## Recorded data
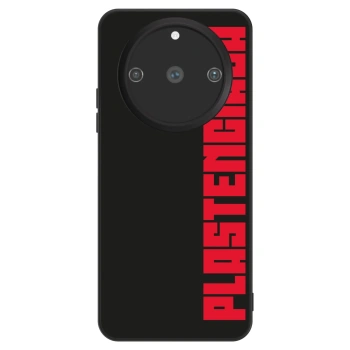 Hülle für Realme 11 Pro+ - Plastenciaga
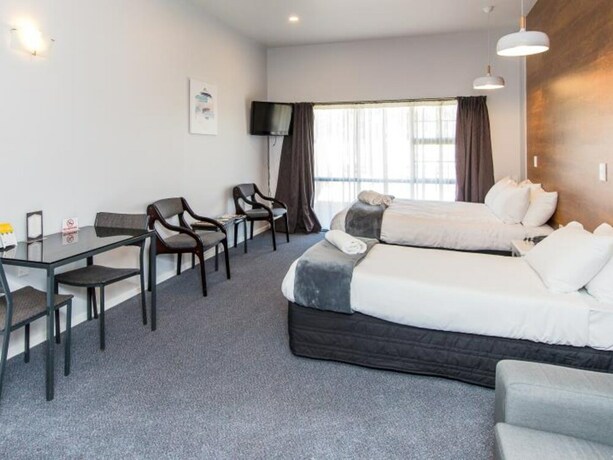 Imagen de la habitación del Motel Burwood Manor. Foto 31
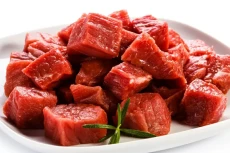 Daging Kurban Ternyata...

## What you are asked to do
Apart from the images, please copy every line of the data exactly as written.

## Exercise answer
 Hülle für Realme 11 Pro+ - Plastenciaga
 Imagen de la habitación del Motel Burwood Manor. Foto 31
 Daging Kurban Ternyata...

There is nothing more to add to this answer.